On Twitter some people shared my latest post despite my absence.
So I concluded that there is something wrong with the way Google+ engagement seems to work only in one direction. Read my original message concerning this issue, I added some text-decoration for the sake of readability:
"I noticed that Google+ engagement onsite [on Google+] is pretty impressive. People will +, re-share and comment all the time. That's great. I almost moved here from Twitter. There is one crucial difference though. When I don't share my post on Twitter someone else will do. So the engagement moves both ways, from my site to Twitter and from Twitter to my site.
Google+ is just a one way street though. I have to share my articles each time or nobody will even notice them on Google+.

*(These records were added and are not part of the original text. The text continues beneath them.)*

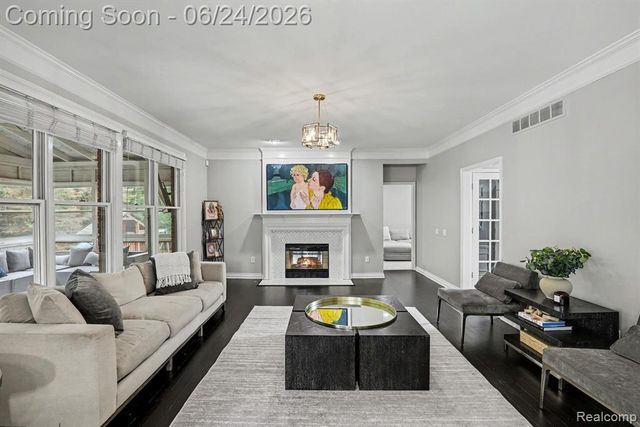 4575 Northridge Court, West Bloomfield, MI 48323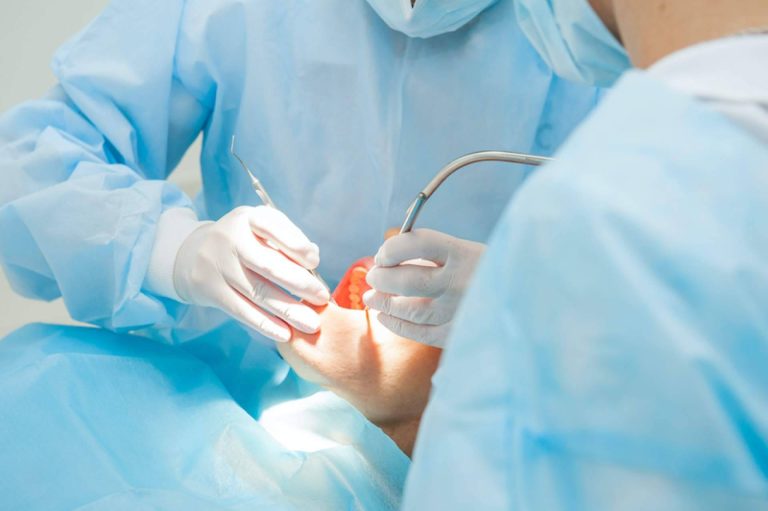 Servicios especializados en cirugía bucal-maxilofacial e implantes, con Cibumaxi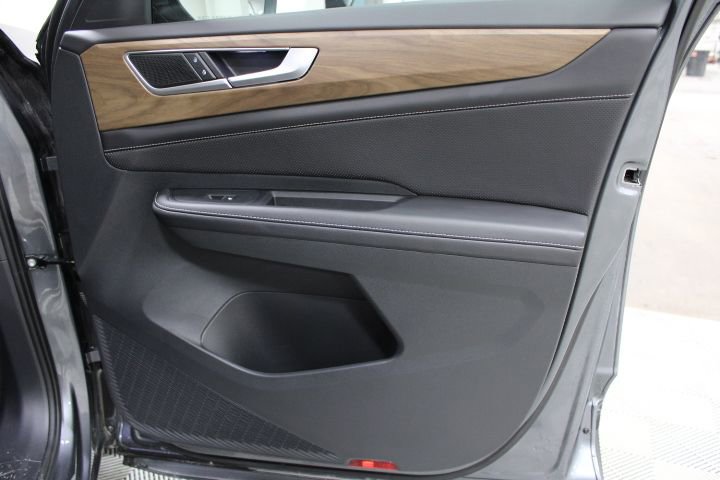 Used 2024 Volkswagen Atlas SE image 19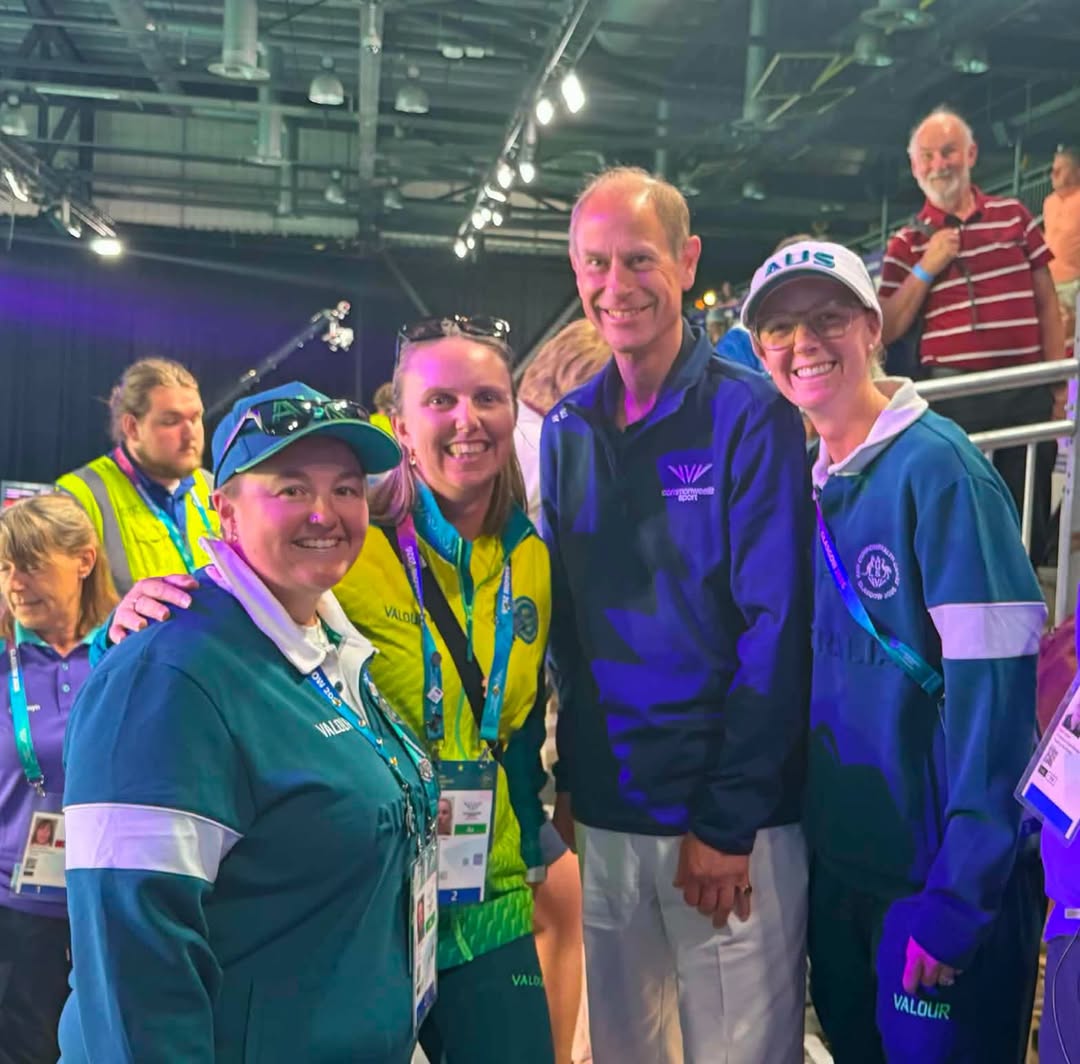 How Good! His Royal Highness Prince Edward The Duke Of Edinburgh Stopped To Hav...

Once I share them here [on Google+] I get also +1 engagement on my blog but without it doesn't work. There is no overlap of audiences. People who follow me on Google+ do not read my blog unless I share my postings.
That's bad. I'm not here to create "great content" for Google. I'm here to get more readers for myself not Google. I may reconsider my Google+ usage."
I posted this and started doing some real work I get paid for ideally. Then a few hours later while already too tired to spend even more time looking at the screen I noticed that a rare debate ensued. 7 insightful comments were already there. The next day I replied to a few them and even more suggestions arrived.
My buddy Dan from Dejan SEO argued, and nobody really disagreed, that you need to share your postings all the time. In his words it's basically the way it is and there is no other choice in case you want to get people back to your blog. Constant self-promotion is the only way out when it comes to getting engagement from Google+ users it seems.
In case you have read more than a few of my articles you probably know that SEO 2.0 is not about self-promotion. It's about organically growing your audience and making this audience "do the work for you". In its simplest terms the SEO 2.0 strategy is this: rock the Web and the popularity will follow. You can of course help other people helping you by providing material and opportunities but basically they love to share your stuff.
On social media you know that a site works properly when the organic sharing strategy can be applied.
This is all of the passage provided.